§ Your instructions
Once the line containing "Detail of multi-color" is found in the data below, repeat it and every later line exactly, leaving the pictures out.

——

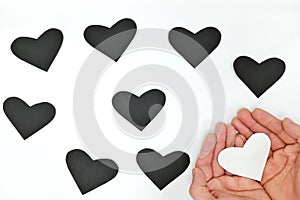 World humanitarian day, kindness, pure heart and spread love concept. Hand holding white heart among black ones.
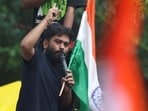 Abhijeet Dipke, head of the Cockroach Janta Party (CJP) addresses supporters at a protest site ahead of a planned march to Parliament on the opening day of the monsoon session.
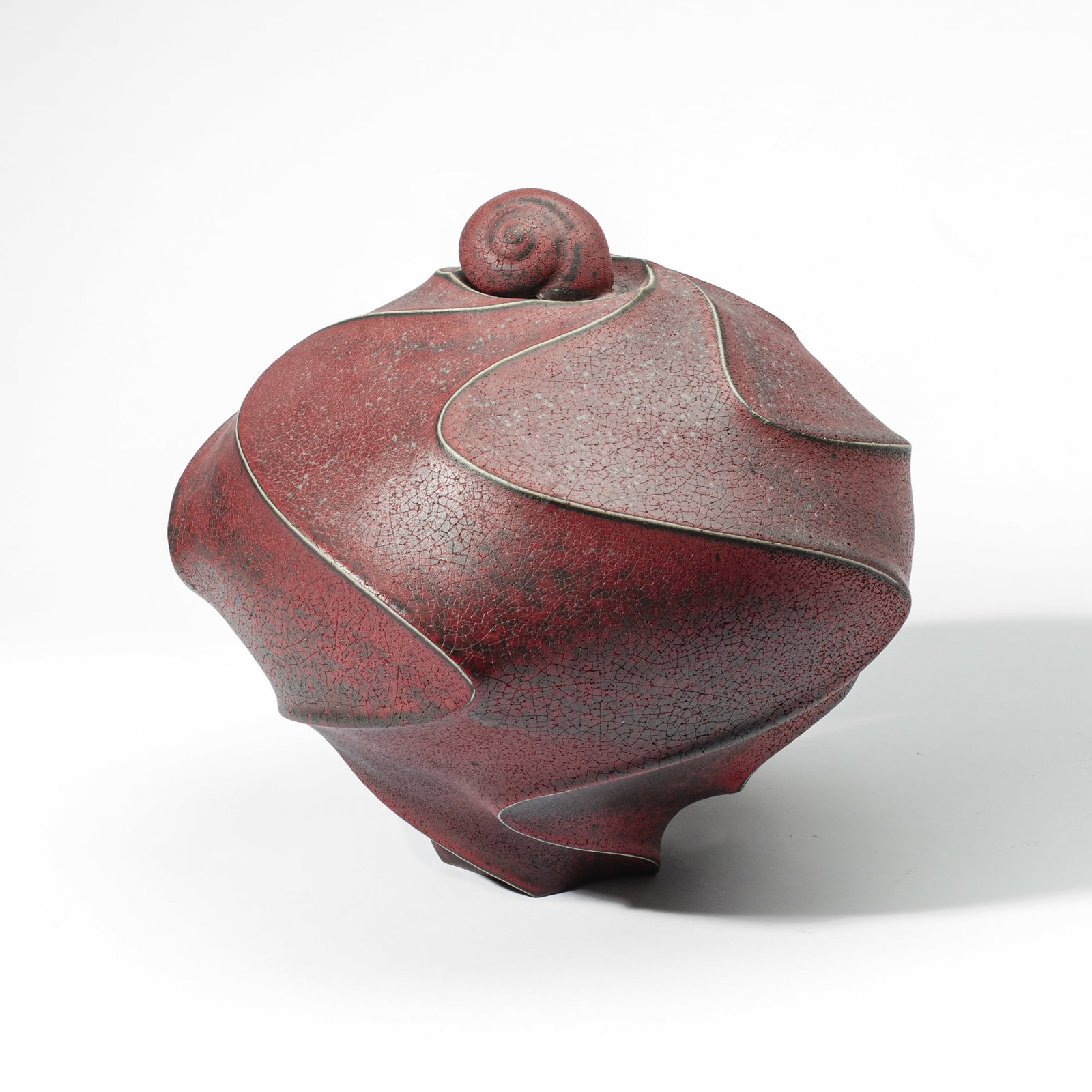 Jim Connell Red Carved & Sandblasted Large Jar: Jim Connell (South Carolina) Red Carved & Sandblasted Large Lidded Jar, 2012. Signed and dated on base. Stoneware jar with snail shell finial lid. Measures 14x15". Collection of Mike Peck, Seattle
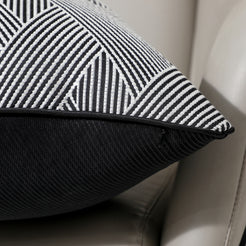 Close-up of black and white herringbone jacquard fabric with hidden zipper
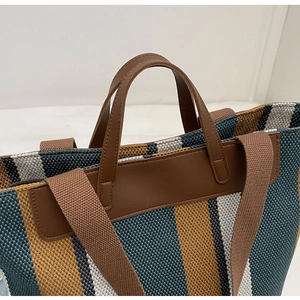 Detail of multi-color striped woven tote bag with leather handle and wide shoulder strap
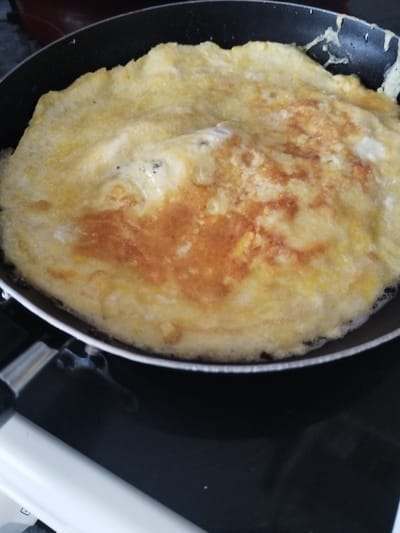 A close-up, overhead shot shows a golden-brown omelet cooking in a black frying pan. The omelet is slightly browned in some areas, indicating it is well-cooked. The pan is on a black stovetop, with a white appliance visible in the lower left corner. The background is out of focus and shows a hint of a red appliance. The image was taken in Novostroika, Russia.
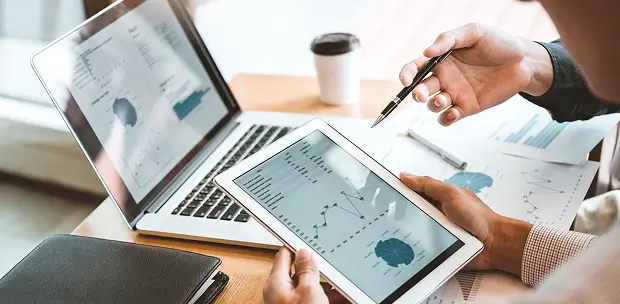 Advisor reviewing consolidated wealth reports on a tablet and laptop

——

§ Result for this task
 Detail of multi-color striped woven tote bag with leather handle and wide shoulder strap
 A close-up, overhead shot shows a golden-brown omelet cooking in a black frying pan. The omelet is slightly browned in some areas, indicating it is well-cooked. The pan is on a black stovetop, with a white appliance visible in the lower left corner. The background is out of focus and shows a hint of a red appliance. The image was taken in Novostroika, Russia.
 Advisor reviewing consolidated wealth reports on a tablet and laptop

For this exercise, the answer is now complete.